→ **Task prompt**
Your answer must be the data repeated exactly, with no pictures in it.

→ **Material provided**
┌────────
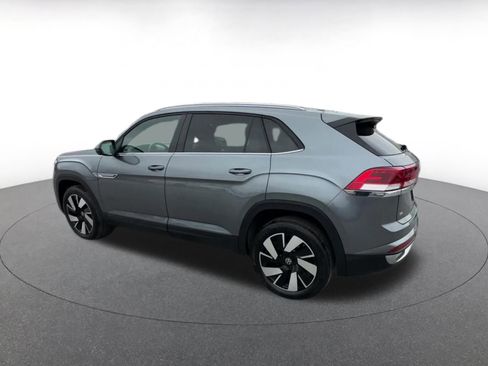 Used 2025 Volkswagen Atlas Cross Sport SE image 10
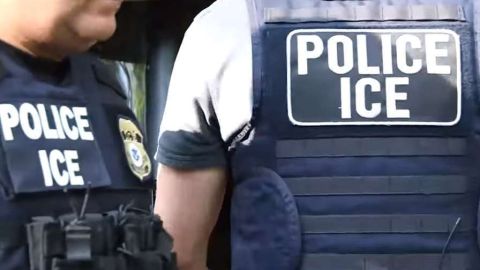 Militares de la base militar los entregaron a ICE al ver que eran indocumentados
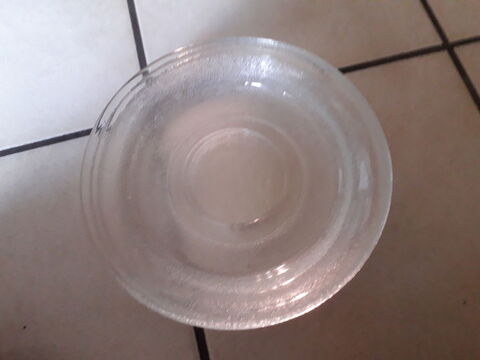 SOUCOUPES TRANSPARANTE 6 PIECES. 5 Fr�vent (62)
└────────
→ **Exercise response**
 Used 2025 Volkswagen Atlas Cross Sport SE image 10
 Militares de la base militar los entregaron a ICE al ver que eran indocumentados
 SOUCOUPES TRANSPARANTE 6 PIECES. 5 Fr�vent (62)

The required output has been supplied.